The base body 2 is configured by laminating a plurality of base body layers 11. Here, as illustrated in FIG. 2, the base body 2 is configured by laminating base body layers 11a to 11h in the third direction D3. In the actual base body 2, the plurality of base body layers 11a to 11h are integrated to such an extent that boundaries between the layers cannot be visually recognized. The base body layers 11a and 11h, which are positioned at ends of the laminate, are layers constituted only by base body portions, with no internal conductor 3 or external electrodes 4A and 4B disposed therein. The base body layers 11a and 11h function as protective layers for the internal conductor 3 and external electrodes 4A and 4B. The base body layers 11a and 11h may each be multiple layers. In the example of FIG. 2, both of the base body layers 11a and 11h are formed of two layers each.

The base body layers 11a to 11h are formed of, for example, a magnetic material (a Ni—Cu—Zn based ferrite material, a Ni—Cu—Zn—Mg based ferrite material, a Ni—Cu based ferrite material, or the like). The magnetic material forming the base body layers 11a to 11h may contain an Fe alloy or the like. The base body layers 11a to 11h may be formed of a nonmagnetic material (a glass ceramic material, a dielectric material, or the like).

In the example of FIG. 2, the internal conductor 3 is configured to include coil conductors 12c to 12f and connection conductors 13a and 13b. Examples of conductive materials forming the internal conductor 3 include, for example, Cu, Ni, and the like. The internal conductor 3 is, for example, a sintered body of a conductive paste containing the above-described conductive material. The internal conductor 3 may be configured to include the same conductive material as the conductive material forming the external electrodes 4, or may be configured to include a conductive material different from the conductive material contained in the external electrodes 4

The coil conductors 12c to 12f are conductors that constitute a coil C (see FIG. 1). The coil conductor 12c is patterned on the base body layer 11c, and the coil conductor 12d is patterned on the base body layer 11d. The coil conductor 12e is patterned on the base body layer 11e, and the coil conductor 12f is patterned on the base body layer 11f. The coil conductors 12c to 12f are electrically connected to each other in the third direction D3, which is the lamination direction of the base body layers 11c to 11f, and constitute the coil C within the base body 2.

The connection conductors 13a and 13b are conductors that electrically connect the coil C to the external electrodes 4A and 4B. The connection conductor 13a is patterned on the base body layer 11c together with the coil conductor 12c and connects an end part of the coil conductor 12c, which forms one end part of the coil C, to the external electrode 4A. The connection conductor 13b is patterned on the base body layer 11f together with the coil conductor 12f and connects an end part of the coil conductor 12f, which forms the other end part of the coil C, to the external electrode 4B.

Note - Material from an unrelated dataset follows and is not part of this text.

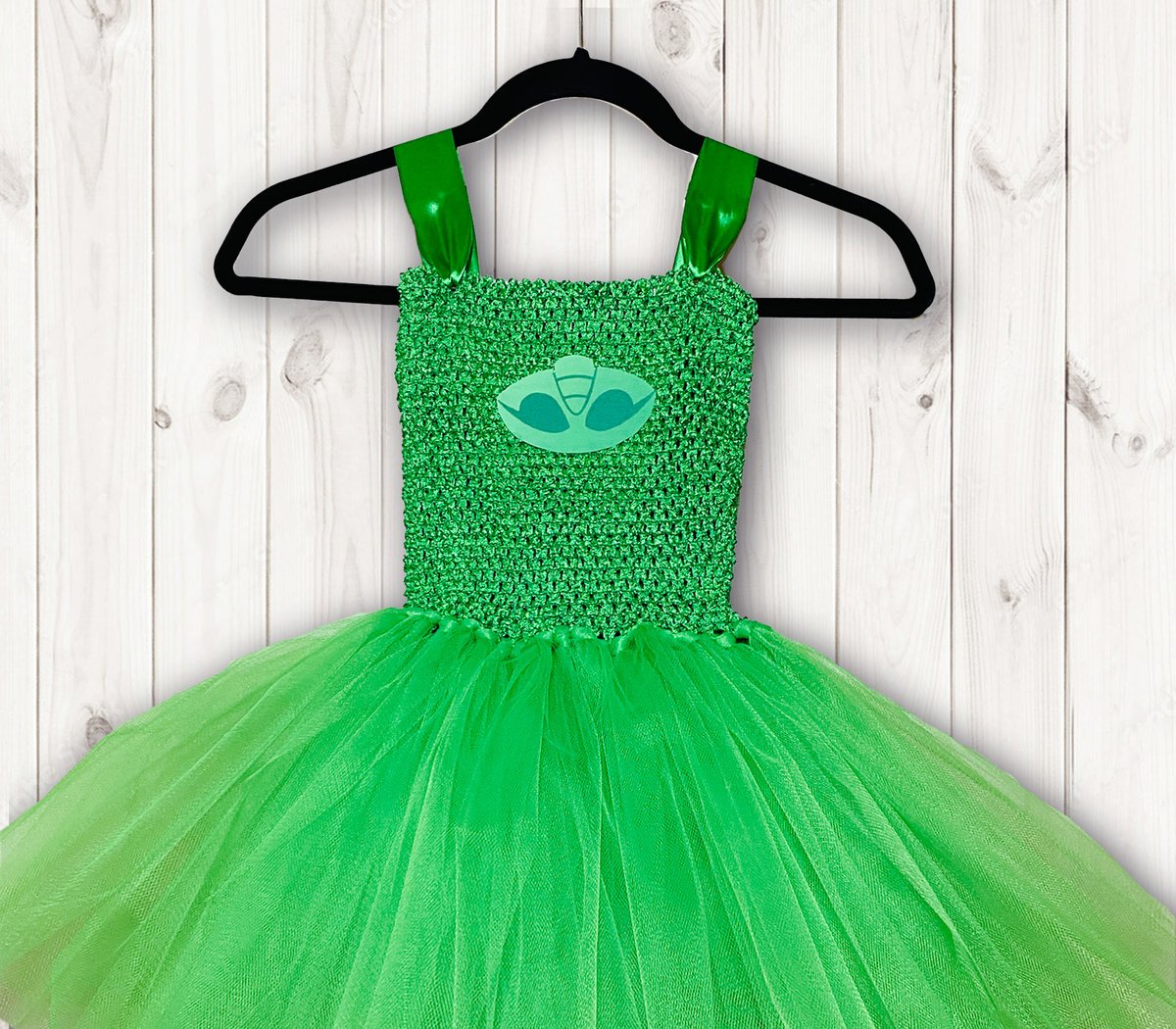 #PJMasks #Gecko #Handmadetutu #Childcostume etsy.me/3KvWyKv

The external electrode 4 is a terminal electrode for electrical connection between the chip-type electronic component 1A and another electronic component. Examples of the conductive material forming the external electrodes 4 include, for example, Cu, Ni, and the like. A plating layer formed by electrolytic plating or electroless plating may be provided on an outer surface of the external electrodes 4. The plating layer may be, for example, a Ni plating layer, a Sn plating layer, an Au plating layer, or the like. The plating layer may be a single layer or multiple layers.

In the present embodiment, the external electrode 4 is L-shaped when viewed from the third direction D3, and is embedded in the base body 2 to be coplanar with the outer surface of the base body 2. The external electrode 4A is provided over a part of the side surface 2c, which is the mounting surface P, (a portion on the end surface 2a side) and a part of the end surface 2a that is continuous with the side surface 2c. A length of the external electrode 4A in the first direction D1 on the mounting surface P is smaller than a length of the base body 2 in the first direction D1. A length of the external electrode 4A in the third direction D3 on the mounting surface P is smaller than a length of the base body 2 in the third direction D3.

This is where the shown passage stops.